Leave out the pictures and restate the rest of the data exactly.
[[ Supplied information open ]]
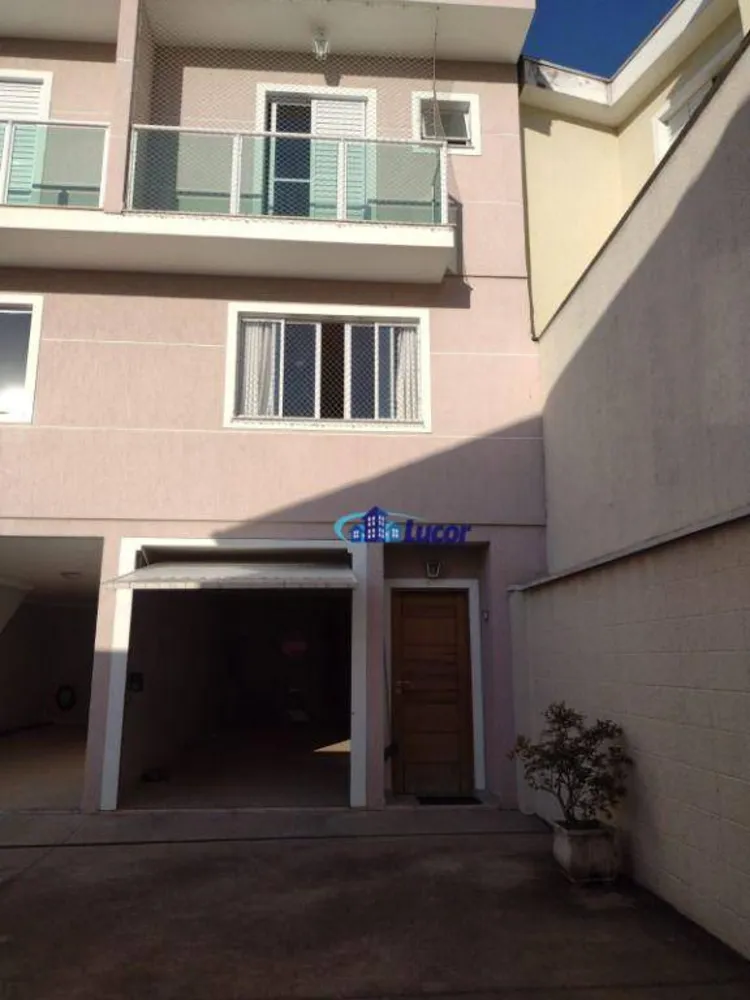 Sobrado, 3 quartos, 150 m² - Foto 2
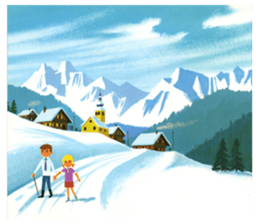 ALAIN GREE WORLD 3 sticker #7328042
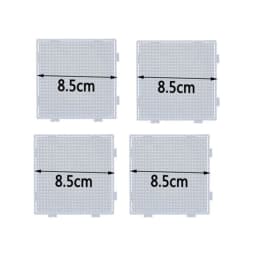 2.6mm Mini Hama Beads Fuse Beads Set 1,0000pcs with Accessory Pegboard Puzzles Toy Perler Toys for Children Creative Toys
[[ Supplied information closed ]]
Exercise answer:
 Sobrado, 3 quartos, 150 m² - Foto 2
 ALAIN GREE WORLD 3 sticker #7328042
 2.6mm Mini Hama Beads Fuse Beads Set 1,0000pcs with Accessory Pegboard Puzzles Toy Perler Toys for Children Creative Toys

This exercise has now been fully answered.